== Activity ==
With the images removed, write out every line below exactly.

== Data block ==
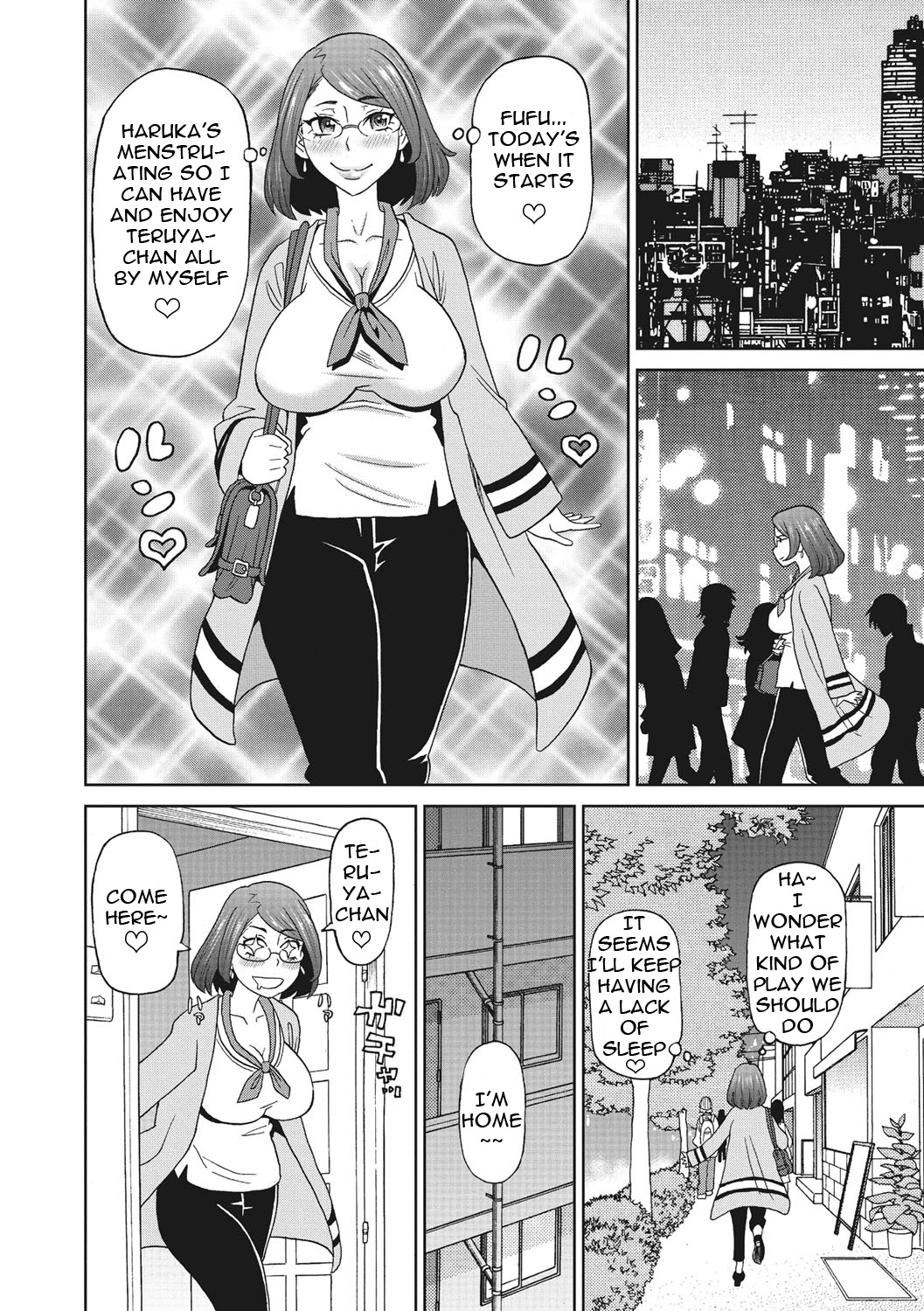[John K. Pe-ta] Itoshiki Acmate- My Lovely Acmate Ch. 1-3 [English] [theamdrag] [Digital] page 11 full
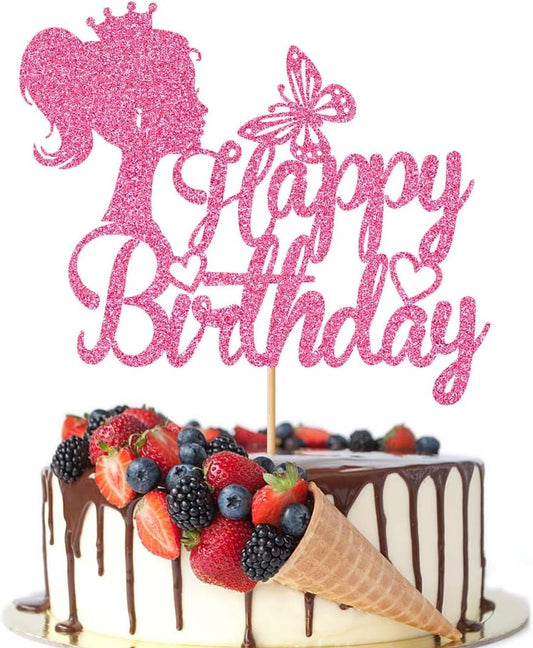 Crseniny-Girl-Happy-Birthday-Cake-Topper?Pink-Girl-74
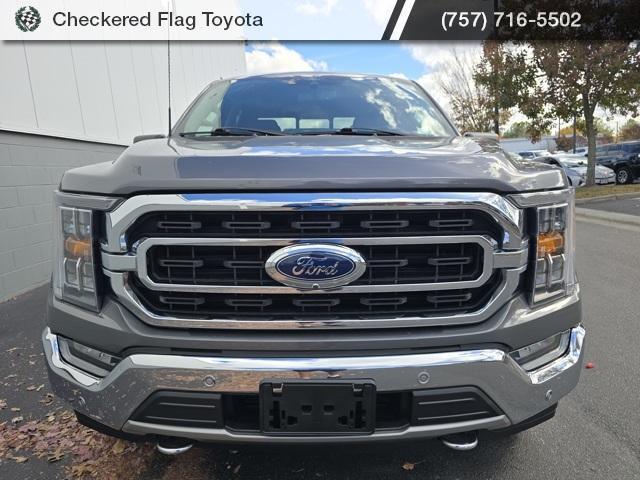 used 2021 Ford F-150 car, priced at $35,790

== Worked solution ==
[John K. Pe-ta] Itoshiki Acmate- My Lovely Acmate Ch. 1-3 [English] [theamdrag] [Digital] page 11 full
 Crseniny-Girl-Happy-Birthday-Cake-Topper?Pink-Girl-74
 used 2021 Ford F-150 car, priced at $35,790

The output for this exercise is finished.